MADISON, Wis. (AP) — It is too late for a woman to sue the sports organization that employed a basketball coach who repeatedly sexually assaulted her in the 1990s, the Wisconsin Supreme Court said Wednesday.
The 4-3 decision from the court’s conservative majority overturns a lower court ruling that said the lawsuit was allowed under state laws that give victims of child sexual assault until they are 35 years old to sue their abusers or a religious institution if their abuser was a clergy member.
The woman who brought the lawsuit was one of two 13-year-old girls that Shelton Kingcade sexually assaulted while he coached girls basketball for the Amateur Athletic Union at a Madison high school. Kingcade was sentenced in 2016 to 13 years in prison.

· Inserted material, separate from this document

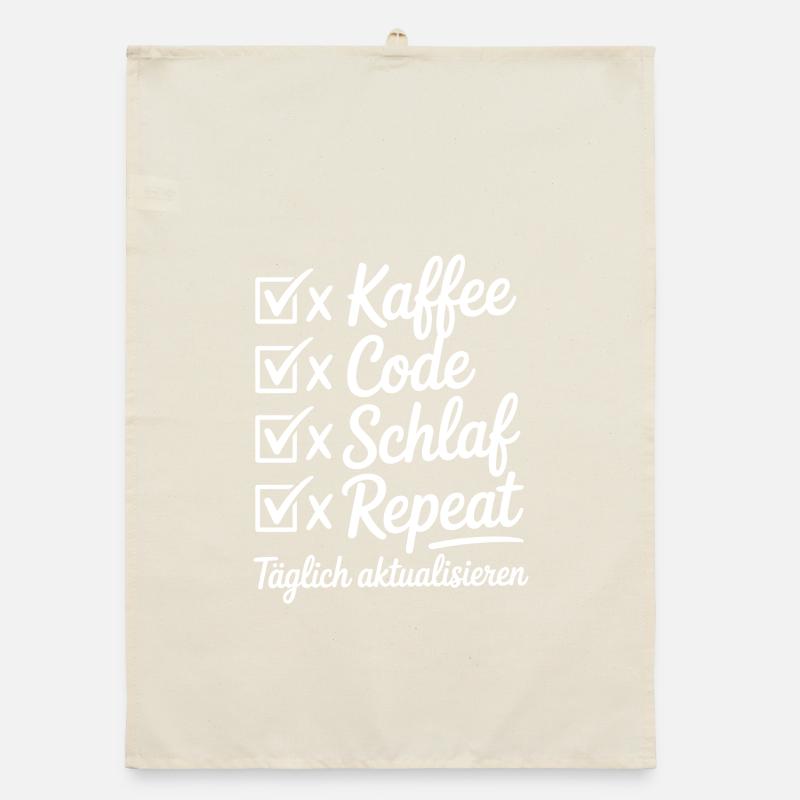 Code du café Sommeil Répéter la routine quotidienne Torchon bio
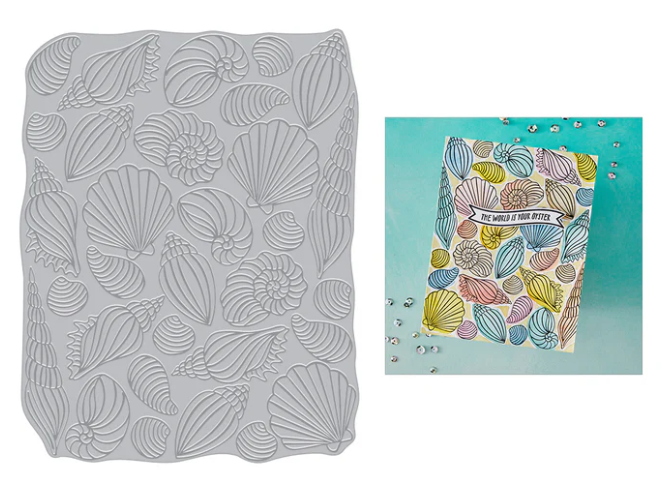 Hero Arts Scattered Shells Letterpress + Foil Plate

The woman alleged that the Amateur Athletic Union had negligently hired and supervised Kingcade. She sued the group in 2019, just before turning 35, but her lawsuit was tossed from federal court and then revived in circuit court. Dane County Judge Rhonda Lanford initially dismissed the case, saying the woman had only until she turned 20 to sue the athletic union for negligence after the assault.
An appeals court overturned that decision in July, but the Supreme Court reinstated Lanford’s ruling because the woman wasn’t suing a religious organization or the person who abused her.